Early in the film, we see Jerry murders a woman he has a crush on by accident. Bosco encourages Jerry’s initial inclination to turn himself in, and when Jerry confesses that he morbidly enjoyed the murder, Mr. Whiskers suggests that he should continue giving into his murderous urges and hide the body.
As Rosco and Mr. Whiskers fight with each other as to what Jerry should do, we can see a direct representation of Jerry’s thought processes. These animals aren’t actually talking, they are two separate “voices” in Jerry’s brain.
Of course, Jerry’s relationship with his pets is not “normal” in nature, as it’s a symptom of an incredibly degrading mental illness. However, this exaggerated relationship works in the blueprint the film has laid out for us because it perfectly reflects the relationship we have with our own thoughts, as all of us have had degrading and unpleasant thoughts floating through our heads every day.
These two voices are named the id, and the super-ego. The super-ego is the part of us that punishes us when we make decisions that could harm others emotionally or physically. The id is the part of us that looks after our own needs and desires. Due to the independent nature of the id, it often clashes with the collectivistic nature of the super-ego.
One example of the relationship between the id and the superego is a 100 dollar bill left behind at a grocery store. The id would likely encourage us to take it, as it could be incredibly useful to us. We have bills to pay, we have things in life that we want, and with that 100 dollar bill, we could be one step closer to getting what we want.
The superego would likely say to us that we could be in the same position. We know we would be very upset if we lost that much money, so we are able to relate to the person who dropped it, so it encourages us to turn it in to the cashier in case the owner comes back.
This is exactly why this film is so terrifying yet also so relatable because we have all been in a situation where we have done something we shouldn’t have, leaving us constantly battling ourselves resulting in an empty well of our mental energy.

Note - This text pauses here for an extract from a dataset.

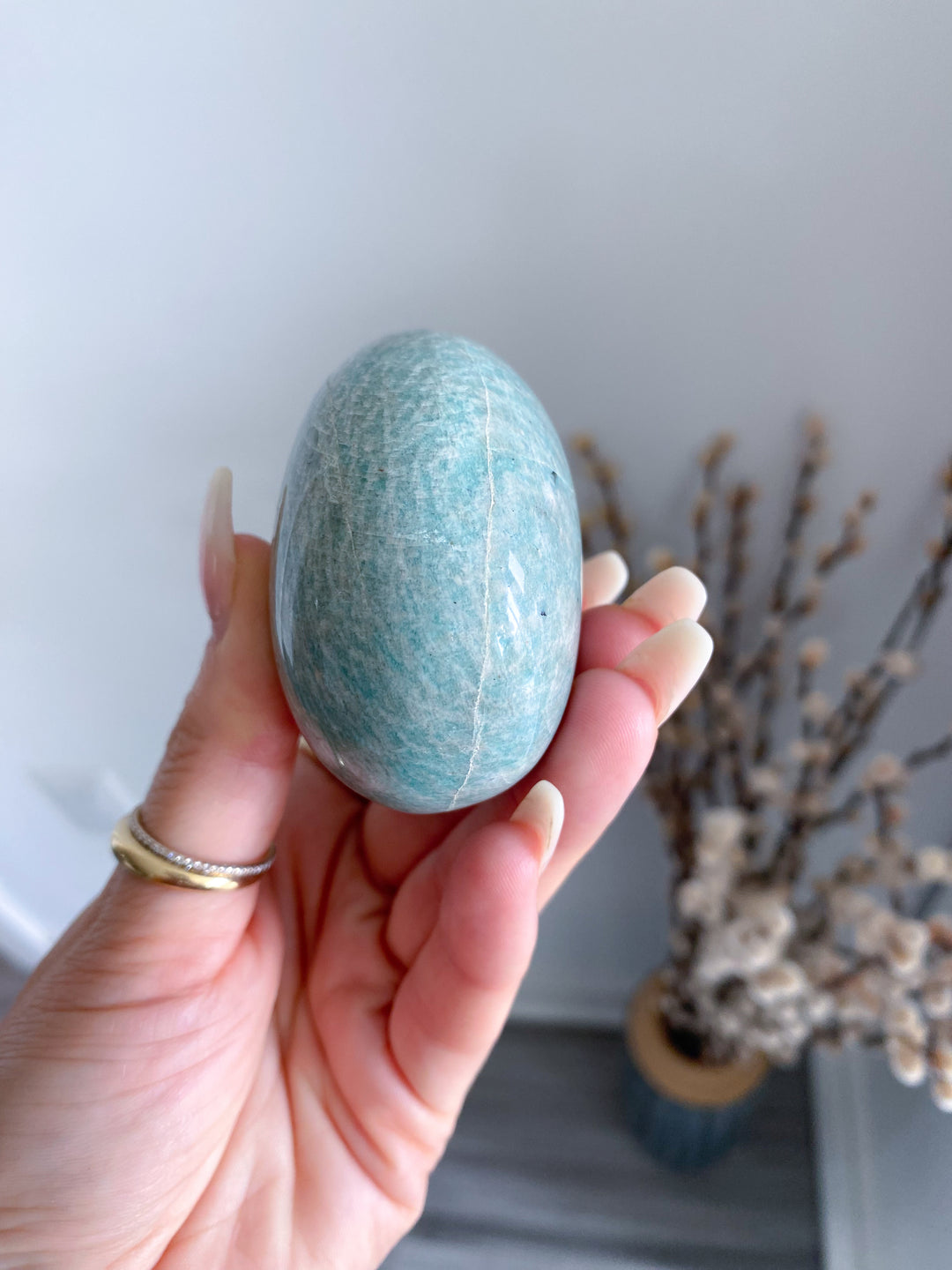 XL Rounded Amazonite Palm #4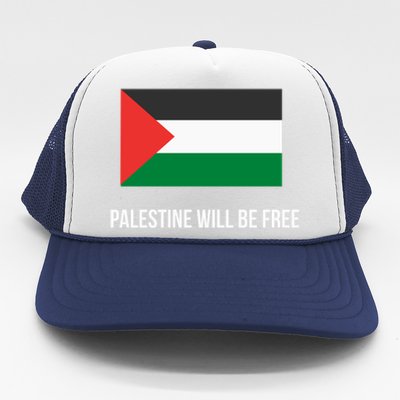 Free Palestine Strong Trucker Hat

By the time Jerry finds out that he never had to act on any of these thoughts in the first place, it was too late. By then, he had murdered three people and kidnapped his therapist in a mad panic.
The contrast between Jerry’s dog and his cat is perfect. Cats are mischievous and are very independent animals. A cat would be much less likely to develop separation anxiety than a dog because they haven’t spend nearly enough time with humans as dogs have. Cats do tend to love their owners and are capable of showing affection, but they generally look out for themselves. Not to mention, cats are also notorious for living with frightening individuals in pop-culture.
Dogs are much more loyal and will often do specific things for their owner to please them. Dogs are also much more akin to feel guilty when they do something against their owner’s will or break something valuable that meant something important to their owner. Dogs have evolved over thousands and thousands of years to be man’s best friend.
Jerry’s relationship with his pets is a perfect representation of his id and super-ego at work. In one point in the film, we see Bosco confess to Jerry that he will no longer support him, and even leaves his house to go into the wild. This scene is a great representation of Jerry’s superego, as the pain from his guilt becomes too much to bear. Right after Bosco leaves, Jerry commits suicide.
Conclusion
There are plenty more films involving a cat in the blueprint of the film’s story and themes. These are just examples that I personally found to be very intriguing. In any case, cats can be a great representation for dismay, as cats are very independent. When independence has become too important for an individual, it can lead to selfishness and possibly even psychotic behavior. I can’t think of any other animal that has a close relationship with humans that can be used in this manner. There are just way too many films of this nature to include in a single blog post, so expect some more cat action in future content.